[RECORDED INFORMATION]
####################
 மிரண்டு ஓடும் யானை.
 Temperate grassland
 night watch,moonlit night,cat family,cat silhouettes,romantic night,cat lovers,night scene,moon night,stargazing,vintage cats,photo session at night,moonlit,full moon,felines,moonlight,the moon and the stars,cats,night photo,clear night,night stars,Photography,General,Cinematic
####################
As the exercise requires, copy out the data shown above word for word.

[PROBLEM SOLUTION]
 மிரண்டு ஓடும் யானை.
 Temperate grassland
 night watch,moonlit night,cat family,cat silhouettes,romantic night,cat lovers,night scene,moon night,stargazing,vintage cats,photo session at night,moonlit,full moon,felines,moonlight,the moon and the stars,cats,night photo,clear night,night stars,Photography,General,Cinematic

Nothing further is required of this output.